→ **To do**
In this exercise, the entries below include pictures. Repeat exactly the lines from the line with "Ivory Tulle Skirt with Sequin Waistband" to the line with "BLACKMORES CRANBERRY FORTE", including both, but without the pictures.

→ **Data items**

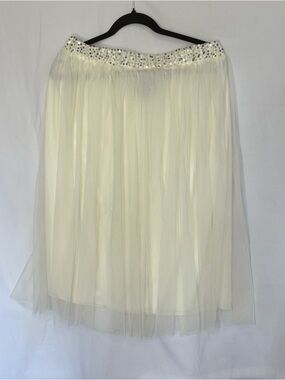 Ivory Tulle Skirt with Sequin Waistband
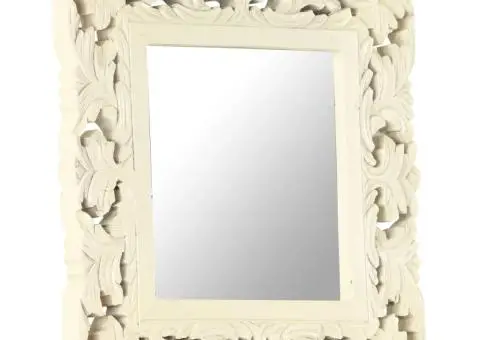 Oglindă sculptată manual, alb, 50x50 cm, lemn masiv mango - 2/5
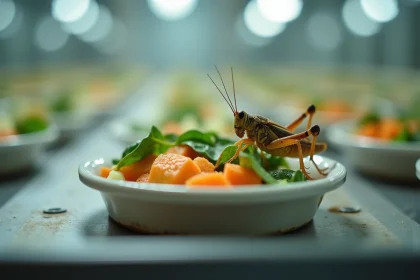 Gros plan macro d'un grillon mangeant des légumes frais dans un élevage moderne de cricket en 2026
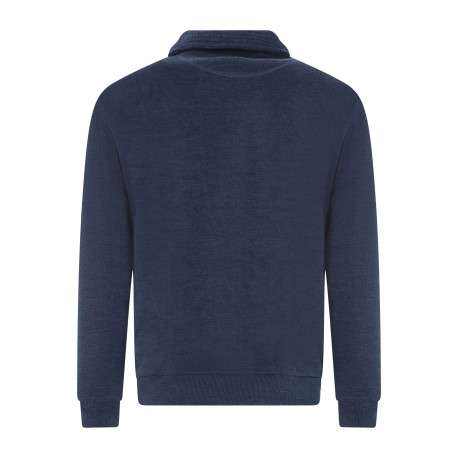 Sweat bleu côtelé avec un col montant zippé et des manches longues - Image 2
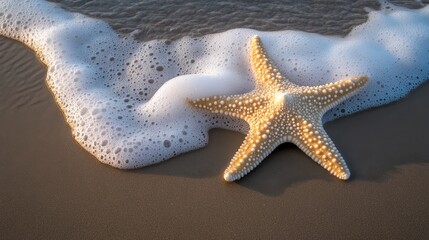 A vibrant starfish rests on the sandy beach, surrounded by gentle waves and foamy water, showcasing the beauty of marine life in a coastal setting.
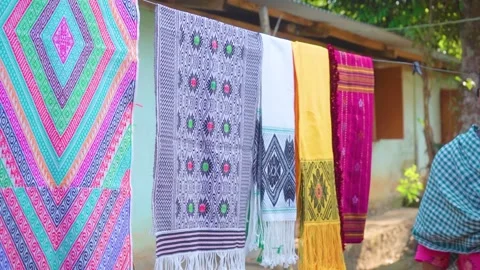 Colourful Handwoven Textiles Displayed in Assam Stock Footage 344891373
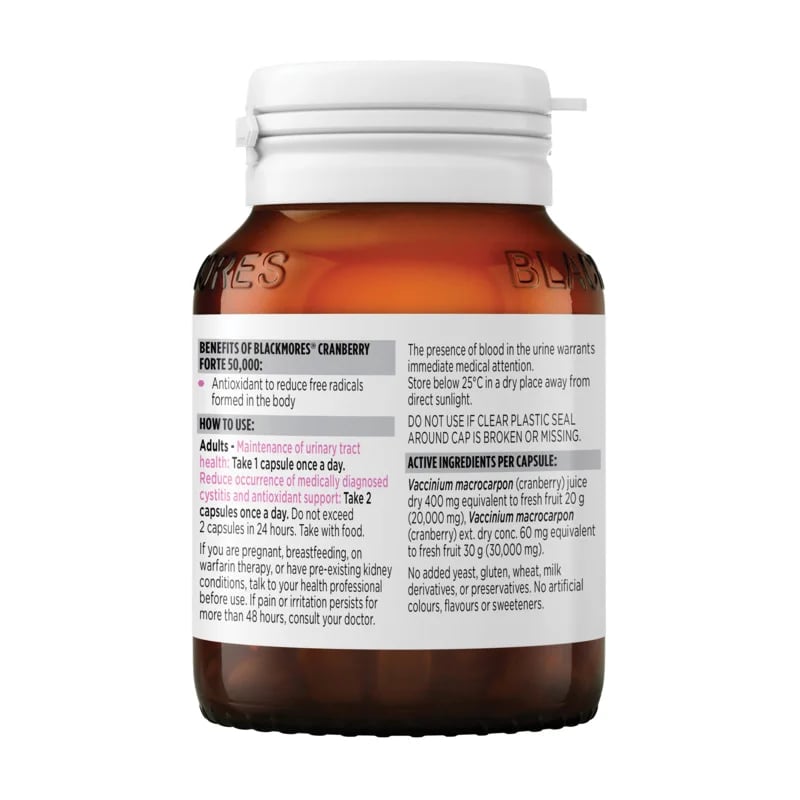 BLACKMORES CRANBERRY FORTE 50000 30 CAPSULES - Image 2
...
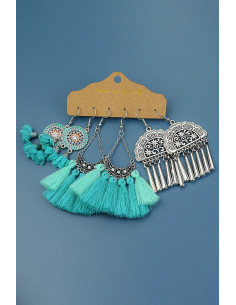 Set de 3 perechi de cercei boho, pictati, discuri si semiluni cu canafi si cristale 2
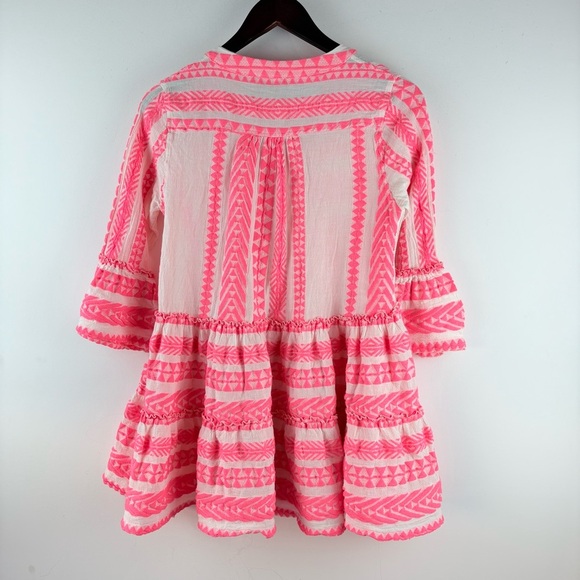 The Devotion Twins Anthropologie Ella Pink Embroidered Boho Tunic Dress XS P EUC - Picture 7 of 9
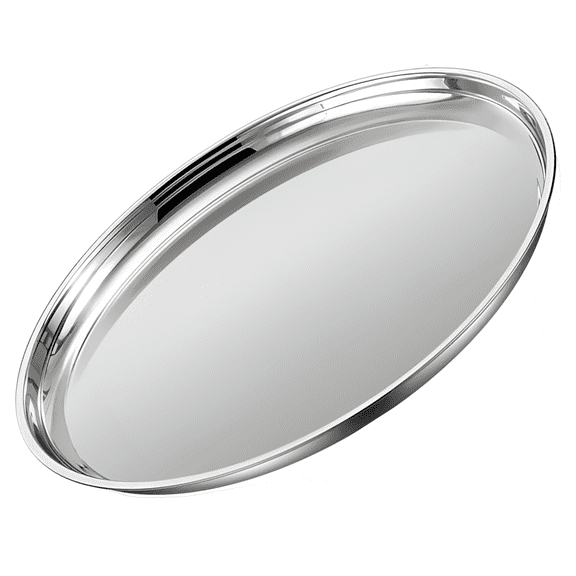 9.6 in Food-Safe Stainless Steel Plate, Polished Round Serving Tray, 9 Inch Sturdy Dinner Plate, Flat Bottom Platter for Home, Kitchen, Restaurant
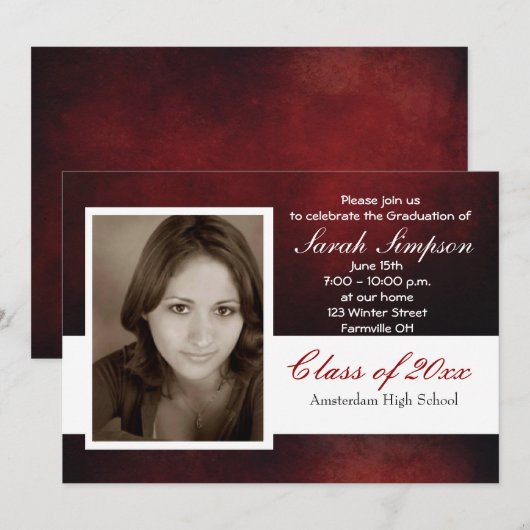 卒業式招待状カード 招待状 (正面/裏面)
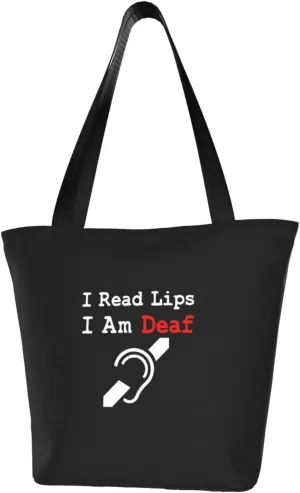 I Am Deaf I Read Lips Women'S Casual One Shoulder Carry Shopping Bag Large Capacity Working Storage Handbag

→ **Exercise answer**
 Ivory Tulle Skirt with Sequin Waistband
 Oglindă sculptată manual, alb, 50x50 cm, lemn masiv mango - 2/5
 Gros plan macro d'un grillon mangeant des légumes frais dans un élevage moderne de cricket en 2026
 Sweat bleu côtelé avec un col montant zippé et des manches longues - Image 2
 A vibrant starfish rests on the sandy beach, surrounded by gentle waves and foamy water, showcasing the beauty of marine life in a coastal setting.
 Colourful Handwoven Textiles Displayed in Assam Stock Footage 344891373
 BLACKMORES CRANBERRY FORTE 50000 30 CAPSULES - Image 2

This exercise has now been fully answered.